I discarded quite a few topics for this week’s post as I didn’t want to “waste” a key topic on the “downtime” for many of our faculty and students of the summer break between semesters (excluding all those students and faculty involved in Clerkship, of course).

Sure, I could write about learning objectives, and active learning strategies, or assessment tools and rubrics, but these informational items would likely be missed by quite a few people off on summer pursuits.

And, really, I want you to miss them as anyone’s holiday break (however long or short) should be used to pursue as little as possible. A few years ago, when I was teaching at Loyalist College, I had students ask me what I wanted them to work on over a holiday break. It turns out my colleagues had given several detailed assignments. Firmly believing in the need to relax and recharge, I told them I wanted them to sleep in and eat cookies for breakfast. (I got pretty good instructor evaluations that year; I hope it wasn’t just about the cookies).

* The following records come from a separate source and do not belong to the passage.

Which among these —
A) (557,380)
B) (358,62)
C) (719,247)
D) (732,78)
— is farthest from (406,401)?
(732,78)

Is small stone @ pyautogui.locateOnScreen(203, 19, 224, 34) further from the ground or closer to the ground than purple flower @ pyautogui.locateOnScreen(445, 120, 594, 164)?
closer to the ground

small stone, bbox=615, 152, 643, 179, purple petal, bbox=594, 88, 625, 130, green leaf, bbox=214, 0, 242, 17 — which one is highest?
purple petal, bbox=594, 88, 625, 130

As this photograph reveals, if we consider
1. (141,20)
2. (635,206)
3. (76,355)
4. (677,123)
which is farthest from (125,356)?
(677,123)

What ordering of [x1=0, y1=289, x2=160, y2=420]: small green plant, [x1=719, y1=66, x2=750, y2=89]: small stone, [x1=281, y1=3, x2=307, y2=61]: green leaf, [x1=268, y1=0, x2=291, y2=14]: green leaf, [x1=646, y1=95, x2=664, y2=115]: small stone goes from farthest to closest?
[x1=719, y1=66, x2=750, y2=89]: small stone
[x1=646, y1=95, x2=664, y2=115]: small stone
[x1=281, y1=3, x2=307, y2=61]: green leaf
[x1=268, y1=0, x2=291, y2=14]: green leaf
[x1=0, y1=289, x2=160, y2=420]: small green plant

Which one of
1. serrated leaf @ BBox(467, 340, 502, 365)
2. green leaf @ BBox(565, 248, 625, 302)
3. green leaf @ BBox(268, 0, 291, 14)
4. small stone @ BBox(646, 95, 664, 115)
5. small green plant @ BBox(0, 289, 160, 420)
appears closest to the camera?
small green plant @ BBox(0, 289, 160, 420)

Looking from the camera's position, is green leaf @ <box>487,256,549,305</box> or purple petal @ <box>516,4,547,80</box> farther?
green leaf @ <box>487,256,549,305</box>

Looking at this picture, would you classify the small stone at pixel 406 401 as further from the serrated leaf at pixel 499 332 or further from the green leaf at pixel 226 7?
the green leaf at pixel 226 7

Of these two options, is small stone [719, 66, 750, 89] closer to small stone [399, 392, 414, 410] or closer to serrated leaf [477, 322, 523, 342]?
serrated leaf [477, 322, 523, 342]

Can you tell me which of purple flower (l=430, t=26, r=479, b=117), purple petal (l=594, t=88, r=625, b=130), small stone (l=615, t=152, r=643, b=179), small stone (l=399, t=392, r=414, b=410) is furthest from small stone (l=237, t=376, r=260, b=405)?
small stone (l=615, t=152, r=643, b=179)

So for this post, I thought to myself: “I should write about the benefits of doing nothing”. A short Google search later, I’ve discovered this is hardly a unique idea – and there’s evidence-based research to back up these benefits.

In fact, in a 2014 Forbes article, Manfred Kets De Vries pointed out that “slacking off and setting aside regular periods of ‘doing nothing’ may be the best thing we can do to induce states of mind that nurture our imagination and improve our mental health”.

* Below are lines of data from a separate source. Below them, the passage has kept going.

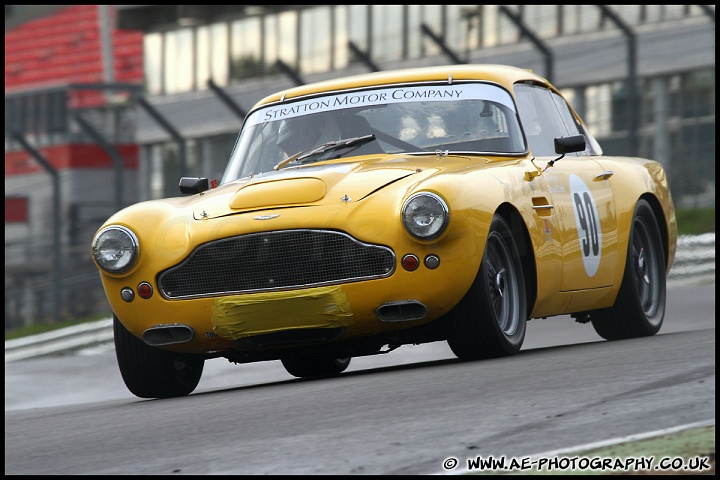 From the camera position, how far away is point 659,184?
30.2ft

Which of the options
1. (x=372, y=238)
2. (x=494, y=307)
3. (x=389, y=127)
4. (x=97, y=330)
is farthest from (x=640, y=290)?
(x=97, y=330)

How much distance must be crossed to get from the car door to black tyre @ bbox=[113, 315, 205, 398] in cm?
206

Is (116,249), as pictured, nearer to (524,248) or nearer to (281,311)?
(281,311)

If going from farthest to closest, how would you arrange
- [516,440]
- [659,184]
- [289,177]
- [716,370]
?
[659,184], [289,177], [716,370], [516,440]

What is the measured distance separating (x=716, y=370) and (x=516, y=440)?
1.62m

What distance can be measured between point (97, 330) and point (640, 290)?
7.10 m

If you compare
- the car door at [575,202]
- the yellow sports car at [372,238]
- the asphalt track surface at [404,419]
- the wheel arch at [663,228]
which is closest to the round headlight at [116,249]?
the yellow sports car at [372,238]

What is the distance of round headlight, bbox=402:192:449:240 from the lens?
655 centimetres

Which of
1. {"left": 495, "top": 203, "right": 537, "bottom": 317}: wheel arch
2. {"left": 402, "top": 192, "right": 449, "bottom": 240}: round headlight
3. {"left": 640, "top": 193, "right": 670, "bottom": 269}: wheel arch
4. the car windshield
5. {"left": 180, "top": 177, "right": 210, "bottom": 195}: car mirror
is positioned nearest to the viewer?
{"left": 402, "top": 192, "right": 449, "bottom": 240}: round headlight

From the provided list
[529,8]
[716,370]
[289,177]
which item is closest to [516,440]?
[716,370]

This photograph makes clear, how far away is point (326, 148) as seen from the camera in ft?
26.1

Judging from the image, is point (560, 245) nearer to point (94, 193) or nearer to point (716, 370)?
point (716, 370)

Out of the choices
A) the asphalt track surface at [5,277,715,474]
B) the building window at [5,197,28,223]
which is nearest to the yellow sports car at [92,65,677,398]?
the asphalt track surface at [5,277,715,474]

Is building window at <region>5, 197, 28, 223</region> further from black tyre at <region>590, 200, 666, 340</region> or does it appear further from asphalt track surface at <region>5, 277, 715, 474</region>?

An Australian blogger drew attention to a study by Bar-Ilan University that demonstrated that daydreaming correlates with performance. “They found a wandering mind does not hamper the ability to accomplish a task, but actually improves it by stimulated a region of the brain responsible for thought-controlling mechanisms.” (Read more about that study here.)

Other research points to relaxing (i.e. doing nothing) being good for your heart, fighting the common cold, maintaining a healthy weight, sleeping better, and contributing to improved mental health.

Pico Iyer, author of The Art of Stillness: Adventures in Going Nowhere wrote of the virtue of doing nothing in a 2014 CCN article. He noted: “It’s an old principle, as old as the Buddha or Marcus Aurelius: We need at times to step away from our lives in order to put them in perspective. Especially if we wish to be productive.”  (Watch his Ted Talk, where he emphasizes the benefits of stillness, here: https://www.ted.com/talks/pico_iyer_where_is_home)

So, the next time I post, I’ll have more tips and tools for your educational toolbox. In the meantime, focus on wellness and, well, doing nothing. You can start with this slide show of Ten Ways to Enjoy Doing Nothing.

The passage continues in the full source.